Pretty old school, eh? I had no idea.

In my moderate Mr- Fixitness I realigned the spring as I had done the first time around, but this time in an attempt to prevent it from slipping in the future I applied a small piece of electrical tape to the coil’s base where it seats against the back of the lock’s box.

I can never say “lock” and “box” together without thinking of Al Gore.

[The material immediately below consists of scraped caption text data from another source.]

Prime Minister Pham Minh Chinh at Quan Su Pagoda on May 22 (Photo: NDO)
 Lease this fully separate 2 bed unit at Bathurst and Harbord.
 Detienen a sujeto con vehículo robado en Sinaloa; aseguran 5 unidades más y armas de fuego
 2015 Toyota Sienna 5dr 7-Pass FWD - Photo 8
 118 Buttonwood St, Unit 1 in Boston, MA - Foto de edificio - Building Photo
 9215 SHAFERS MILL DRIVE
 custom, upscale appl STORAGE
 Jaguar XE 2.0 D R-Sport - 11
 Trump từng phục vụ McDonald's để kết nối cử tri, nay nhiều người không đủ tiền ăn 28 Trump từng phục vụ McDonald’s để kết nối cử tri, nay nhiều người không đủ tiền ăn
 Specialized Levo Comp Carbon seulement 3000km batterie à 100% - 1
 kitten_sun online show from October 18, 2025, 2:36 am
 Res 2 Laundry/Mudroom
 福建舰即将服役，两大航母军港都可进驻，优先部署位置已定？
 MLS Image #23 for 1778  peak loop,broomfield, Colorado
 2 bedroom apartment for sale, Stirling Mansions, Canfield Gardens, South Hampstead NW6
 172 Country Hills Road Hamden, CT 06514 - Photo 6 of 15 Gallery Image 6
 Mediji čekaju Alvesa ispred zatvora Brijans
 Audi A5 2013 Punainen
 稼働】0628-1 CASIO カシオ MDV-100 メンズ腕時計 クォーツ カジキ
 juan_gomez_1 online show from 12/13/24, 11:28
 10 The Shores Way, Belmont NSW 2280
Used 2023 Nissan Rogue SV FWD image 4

Not that the tape will definitively keep the spring from slipping again, but it can’t hurt. And soon afterward I was replacing the panel I had removed to gain access to the mechanism’s guts, Flipping it over to the other side about to put it back in the door, that’s when I found this stamp (photographed through an 8x lupe on macro in really bad light so sorry for the crap quality):

 lock.jpg

Don’t know how I missed it the first time around, but what it says is:

RUSSELL & ERWIN
MFG. CO.
NEW BRITAIN
CONN. U.S.A.
PAT. JAN, 29, 89.
JUNE, 11, 89.

No, not 18 years ago. Subtract another century to the same year that Vincent Van Gogh painted “Landscape with Cypress Tree” and a guy by the name of Eiffel designed a tower for Paris and Mark Twain published “A Connecticut Yankee in King Arthur’s Court,” and Adolph Hitler was born and that sucks so let me mention that astronomer E.P. Hubble was born too.

And so was this lock on June 11. 1889.